Airgas, which had 2009 sales of $3.9 billion, has already turned down two bids from Air Products as the Airgas board of directors felt the bids ’grossly undervalued’ the company. The first of those offers was made in October 2009 and was an all-stock proposal with an implied value of $60 per share. After this first offer was knocked back, Air Products launched a cash and stock proposal which valued the shares at $62.

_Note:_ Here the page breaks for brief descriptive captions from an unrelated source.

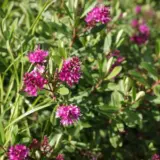 Hebe Sunset Boulevard Lpohebsbo - Garden Express Australia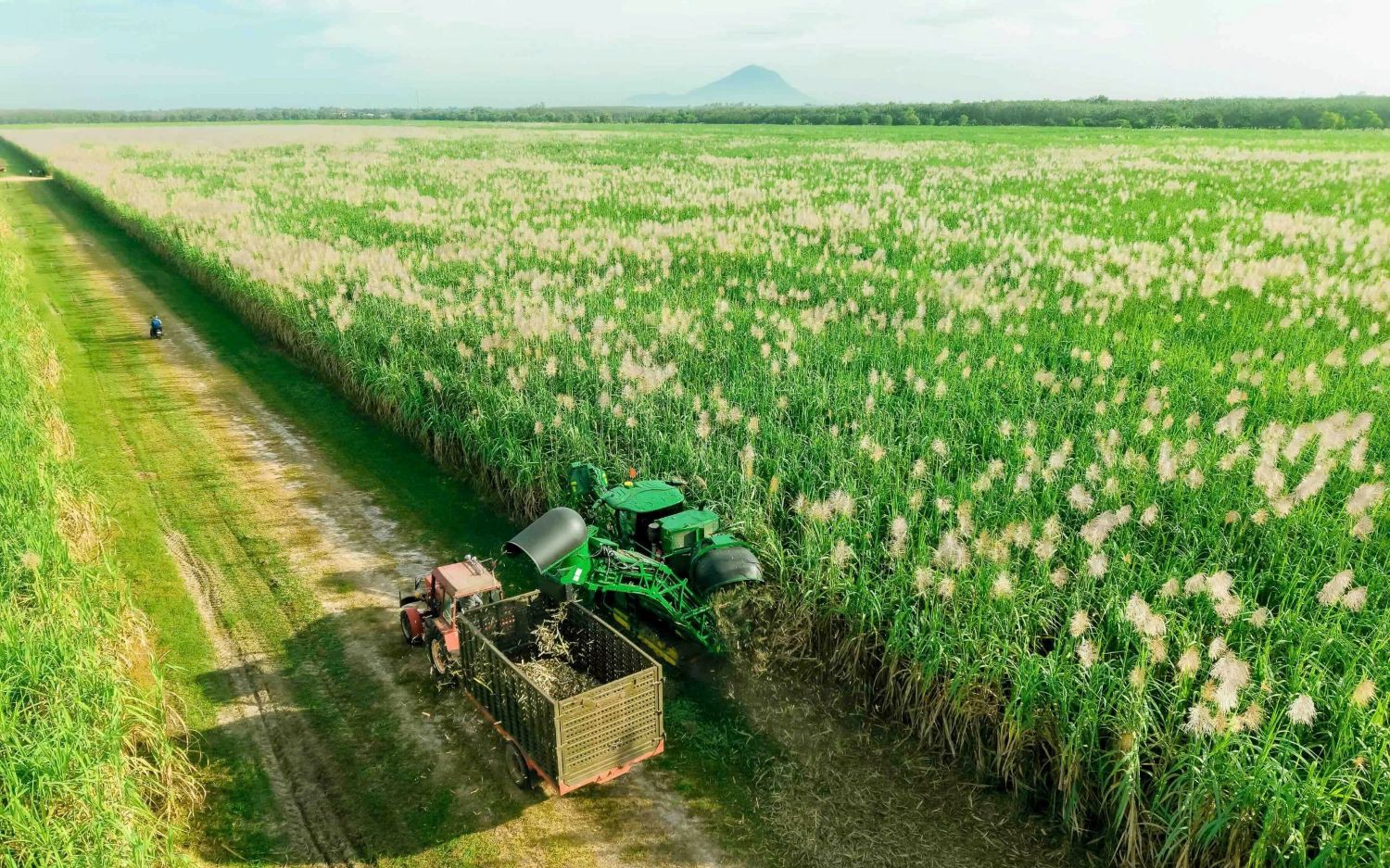 Nghị quyết 79: Làn gió mới cho “hệ sinh thái công – tư đồng hành”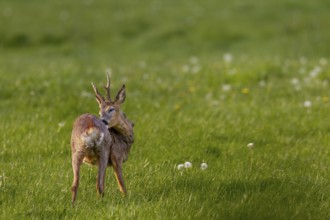 A roebuck (Capreolus capreolus) grooming, the old winter coat is visibly disturbing, coat change,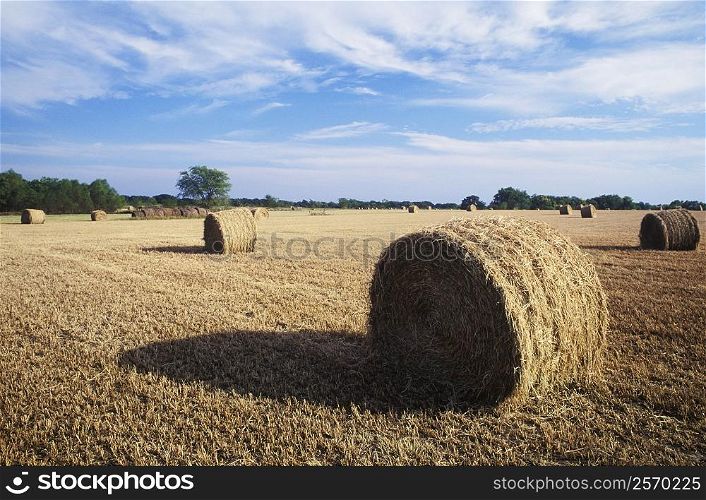 Hay bales in a field, Texas, USA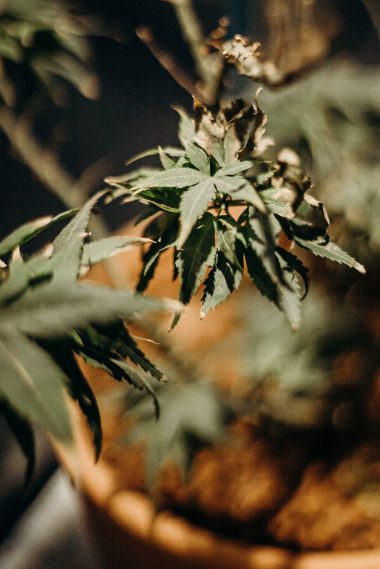 brown and green leaves on a pot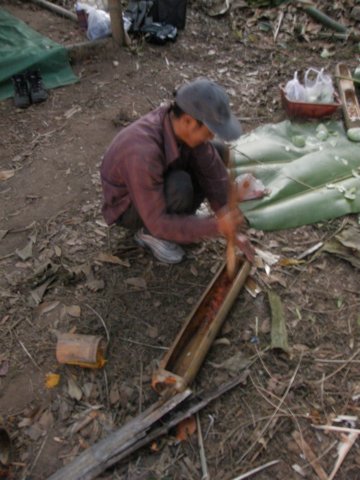 thailand20091074.jpg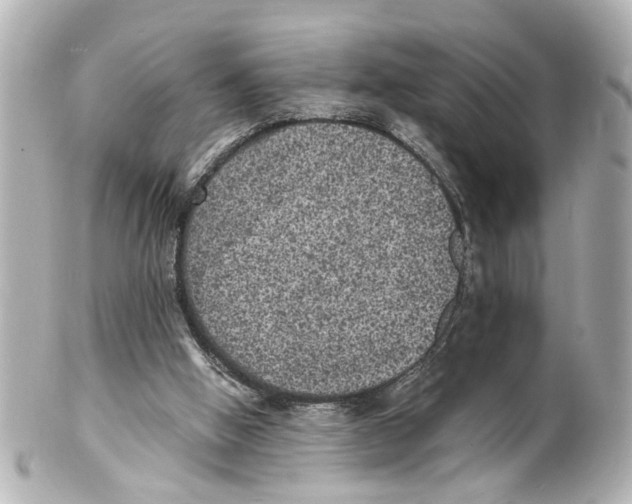 X0000101480058200808041138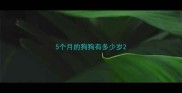 5个月的狗狗有多少岁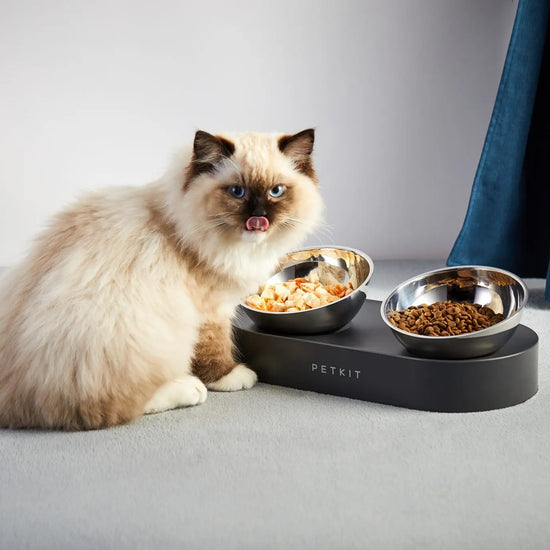Petkit Nano Adjustable Dinner Set Bowls Petkit Global Urban Hub General Trading LLC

This was followed by the $60 all cash bid that would protect Airgas shareholders from any reductions in Air Products share price after the bid was announced. Air Products said the size of its latest, all-cash bid was a 38 per cent premium on Airgas’ share price on the eve of the offer and an 18 per cent premium over its 52-week high. Any deal will be partially funded by the investment banking arm of JP Morgan which would see Air Products buy Airgas for $5.1 billion and assume its debts of $1.9 billion.

Air-Products-275

Source: © Air Products

An Air Products tanker delivering liquid nitrogen


However, this premium did little to convince Airgas’s board of directors, who voted unanimously to turn down the offer, with chief executive Peter McCausland stating that ’Airgas’ management has consistently created long-term shareholder value, as measured by stock price appreciation and total shareholder returns’. He continued by saying that Airgas’ stock price had increased 80 per cent over the last five years, compared to just 40 per cent for Air Products’ stock, and criticised Air Products’ unsolicited approach as ’simply an opportunistic attempt to buy Airgas at a bargain price’ that was a result of a brief anomaly in stock market performance.

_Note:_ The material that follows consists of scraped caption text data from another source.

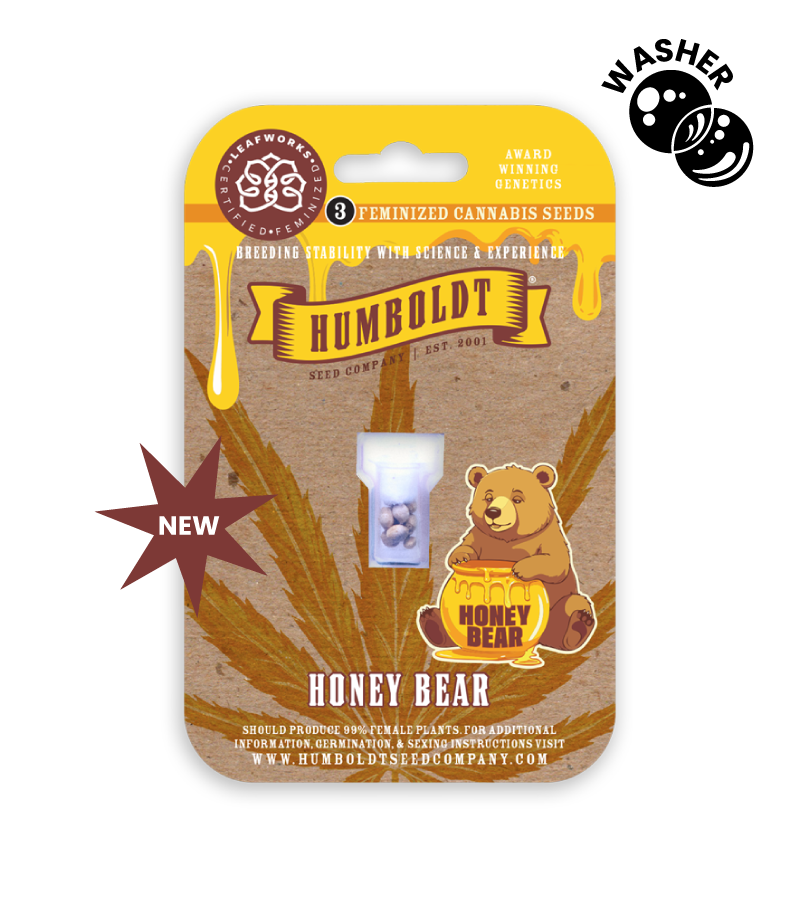 Honey Bear cannabis seed pack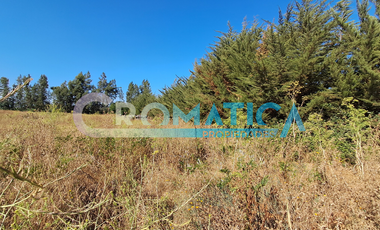 Venta Parcela 5.300 M2, Lo De Lobos, Rengo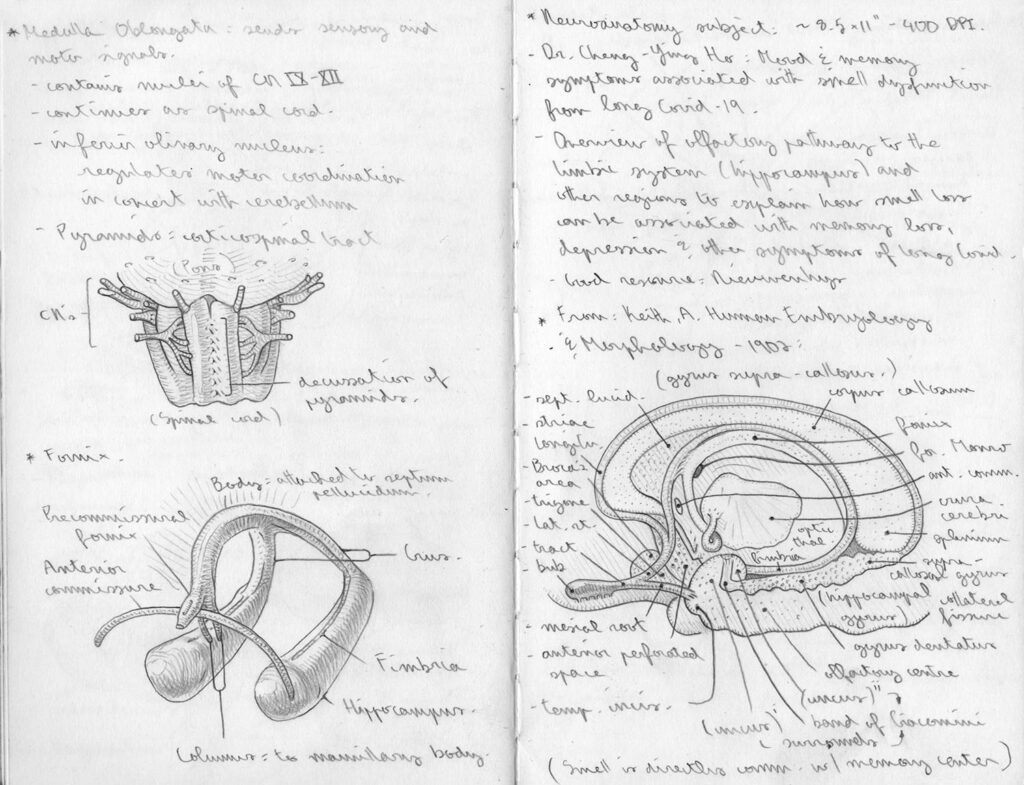 Long Covid sketch 1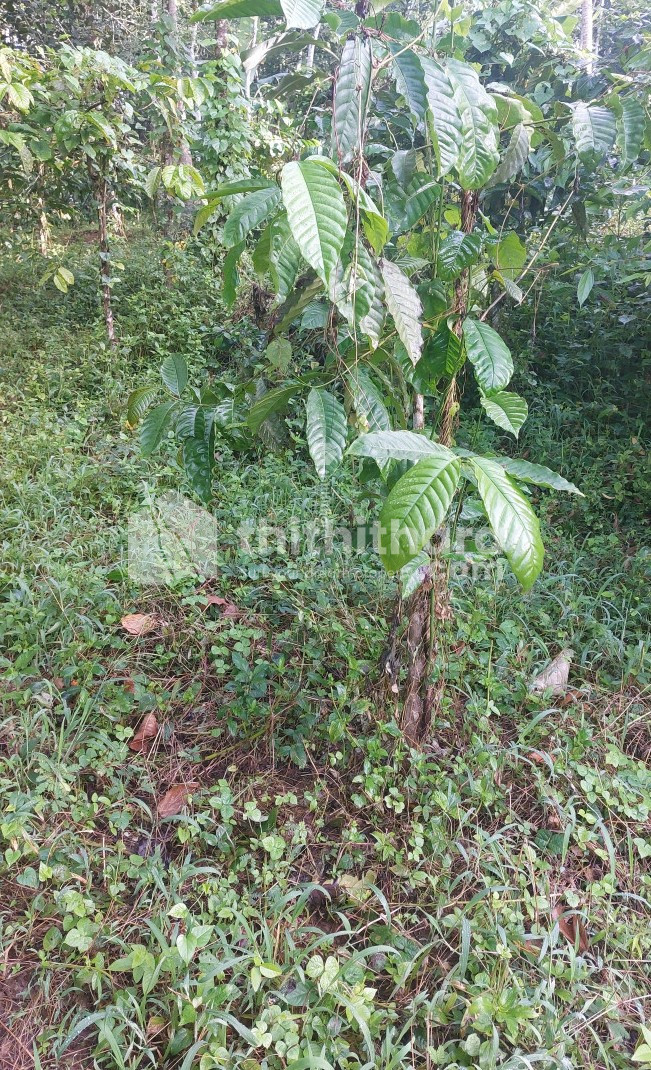 Residential land for sale at Sulthanbathery Wayanad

Having seen both of these private bids knocked back, Air Products decided to make its interest public when it announced this latest bid, sending Airgas’ shares soaring 40 per cent to over $60 per share late on Friday, while Air Products’ share price fell 7 per cent to $68. Some analysts have predicted that Air Products may have to offer as much has $68 a share to tempt shareholders into a sale.

Nevertheless, John McGlade, Air Products’ chief executive, has said that ’while it remains our strong desire to reach an agreement with Airgas on a friendly basis, we are fully committed to pursuing this transaction and are prepared to take all necessary steps to complete it, including making an offer directly to Airgas shareholders’.